Welcome

I’m Randy, a 39-year old ham living in Amersfoort, which is located about 25 miles east from Amsterdam. Licensed since aged 17 (1997) and active on all bands from 160 meters up till 3cm tough VHF, UHF and SHF are prefered in (SSB) voice, ATV, CW and weak-signal/DIGI modes.

On the day to day job I work as Independent technical consultant specified in Linux Infrastructure  solutions. Also doing some hands-on support stuff for repeater group Hobbyscoop, the annual Ballon Fox Hunt and trying to promote HAMNET-activities with a group of ham’s throughout the country.

Achievements:
The 1th station from the Netherlands on 144, 432 and 1296 MHz in the QRP section and the 2nd station on 144 and 432 MHz in de low-power section based on DAC and NAC results during 2018.

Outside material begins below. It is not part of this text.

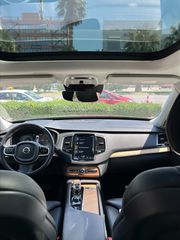 Volvo XC 90 2021 Inscription T8-thumb-16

November 2019 NAC contest on 144 MHz

Only worked 3 hours. 36 QSO’s in 21 grids. ODX: SQ7POM (716km). Problems with the amplifier let me run only about 4 Watts power. Results: 3th place in the Netherlands.

FT8 with WebSDR as receiver

I’ve experimented using a WebSDR.org receiver for FT8, while using my own antenna for transmitting. Reason for this is the S9++ QRN I have on the 160-meter band. The set-up is quite easy. I’m using a Mac Mini in the shack, but it has a Windows 10 Bootcamp partition for regular Ham Radio software.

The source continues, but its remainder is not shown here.